The volume itself was unremarkable when it came to the prison along with anti-apartheid activist Sonny Venkatrathnam as his one permitted book.  After all, the Alexander Text was one of the most widely sold and read 20th- century editions of Shakespeare.
The book became remarkable, however, when Venkathrathnam began circulating the book amongst his fellow prisoners in the single-cell section of the prison, asking them to mark their favorite passages.
Between 1975 and 1978, when Venkathrathnam was released, thirty three prisoners –– including Mandela –– signed the book next to various plays and sonnets. The selections were occasionally starred, sometimes bracketed off, but all of them significant.
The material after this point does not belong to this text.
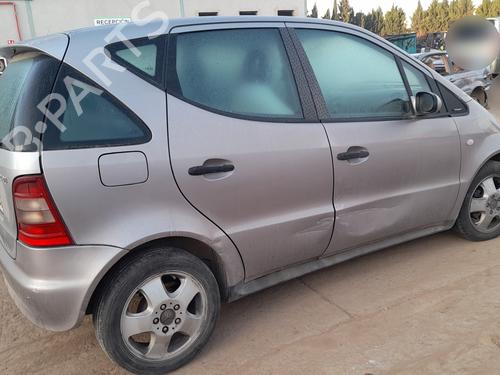 Rear parcel shelf MERCEDES-BENZ A-CLASS (W168) A 170 CDI (168.008) | BP24849323C85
“Somehow Shakespeare always seemed to have something to say to us,” Venkatrathnam said in a 2012 interview with The Mercury, KwaZulu-Natal’s leading morning newspaper. “He’s a universal philosopher; there’s a message for anyone and anybody,”
Billy Nair belonged to Umkhonto we Sizwe (MK), the armed wing of the African National Congress (ANC), and was arrested in 1963.  Over his 21 years on Robben Island, Nair attempted to reform prison conditions despite frequently violent resistance.  In 1977, he signed his name by Caliban’s speech in The Tempest, using an arrow to specifically mark the lines: “This island’s mine, by Sycorax my mother / Which thou tak’st from me” (1.2.331–2).
Ahmed Kathrada, a former MK member charged with sabotage, was an avid lover of Shakespeare who filled seven prison notebooks with quotations from the Bard’s works.  Kathrada selected the now-near-cliche introduction to King Henry’s speech, given to rally his troops in France, before the Siege of Harfleur:
“Once more into the breach, dear friends…” (3.1.1).
Nelson Mandela, the most famous signer, was a founding member of the ANC’s Youth League and a co-founder of MK.  He was also familiar with Shakespeare, quoting him in speeches as well as his 1994 autobiography.  Two years after his 1962 arrest, Mandela was sentenced to life imprisonment.  His selection in the Robben Island Shakespeare is a speech from Act II of  Julius Caesar.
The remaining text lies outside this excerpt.